10.—(1) Every employer shall ensure that each of his employees who is or is liable to be exposed to lead is under suitable medical surveillance by a relevant doctor where—

(a)the exposure of the employee to lead is, or is liable to be, significant; or

(b)a relevant doctor certifies that the employee should be under such medical surveillance.

(2) Medical surveillance required by paragraph (1) shall be carried out at such intervals and in accordance with such provisions as are set out in Schedule 2.

(3) The employer shall ensure that an adequate health record in respect of each of his employees to whom paragraph (1) applies is made and maintained and that the record or a copy thereof is kept in a suitable form for at least 40 years from the date of the last entry made in it.

(4) Where the blood-lead concentration for any employee equals or exceeds the appropriate action level, the employer shall take steps to determine the reason or reasons for the high level of lead in blood and shall, so far as is reasonably practicable, give effect to measures designed to reduce the blood-lead concentration of that employee to a level below the appropriate action level.

(5) Where a relevant doctor has certified by an entry in the health record of any employee that in his professional opinion that employee should not be engaged in work which exposes the employee to lead or that the employee should only be so engaged under conditions specified in the record, the employer shall not permit the employee to be engaged in work which exposes that employee to lead except in accordance with the conditions, if any, specified in the health record, unless that entry has been cancelled by a relevant doctor.

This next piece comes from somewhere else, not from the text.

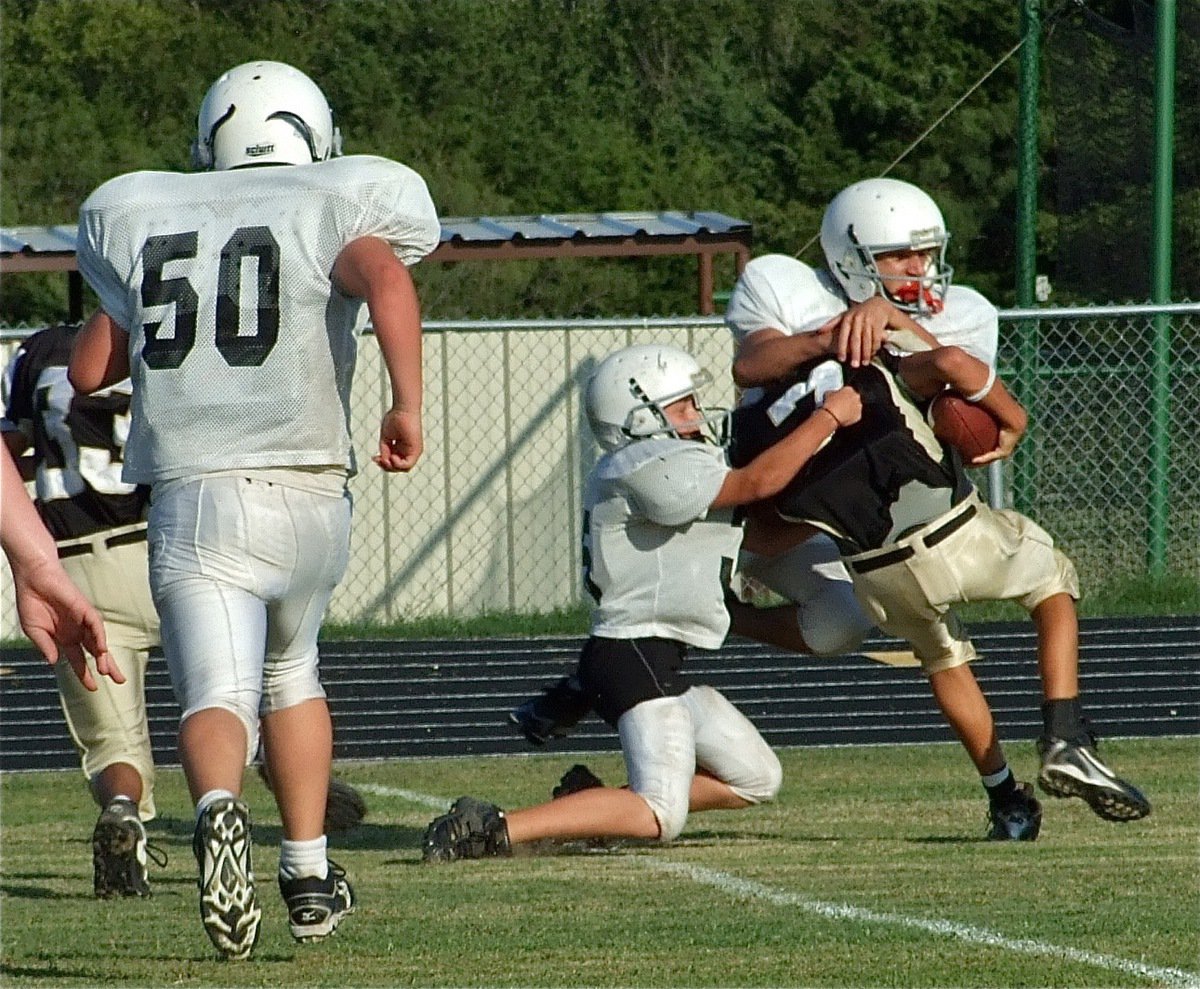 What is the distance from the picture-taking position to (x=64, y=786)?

(6) Where medical surveillance is carried out on the premises of the employer, the employer shall ensure that suitable facilities are made available for the purpose.

(7) An employee to whom this regulation applies shall, when required by his employer and at the cost of the employer, present himself during his working hours for such medical surveillance procedures as may be required for the purposes of paragraph (1) and shall furnish the relevant doctor with such information concerning his health as the relevant doctor may reasonably require.

(8) Where for the purpose of carrying out his functions under these Regulations a relevant doctor requires to inspect any workplace or any record kept for the purposes of these Regulations, the employer shall permit that doctor to do so.

(9) The employer shall ensure that in respect of each female employee whose exposure to lead is or is liable to be significant an entry is made in the health record of that employee by a relevant doctor as to whether or not that employee is of reproductive capacity.

(10) Where an employee or an employer is aggrieved by a decision recorded in the health record by a relevant doctor—

(a)under paragraph (5) that an employee should not be engaged in work which exposes that employee to lead (or which imposes conditions on such work); or

(b)under paragraph (9) that a female employee is of reproductive capacity,

the employee or employer may, by an application in writing to the Executive within 28 days of the date upon which the decision was notified to the employee or employer as the case may be, apply for that decision to be reviewed in accordance with a procedure approved by the Health and Safety Commission, and the result of that review shall be notified to the employee and employer and entered in the health record in accordance with the approved procedure.

Information, instruction and training

11.—(1) Every employer who undertakes work which is liable to expose any of his employees to lead shall provide that employee with such information, instruction and training as is suitable and sufficient for him to know—

(a)the risks to health created by such exposure; and

(b)the precautions which should be taken.

(2) Without prejudice to the generality of paragraph (1), the information provided under that paragraph shall include—

(a)information on the results of any monitoring of exposure to lead carried out in accordance with regulation 9; and

(b)information on the collective results of any medical surveillance undertaken in accordance with regulation 10 in a form calculated to prevent it from being identified as relating to any particular person; and

(c)an explanation as to the significance of the information given pursuant to sub-paragraphs (a) or (b) above.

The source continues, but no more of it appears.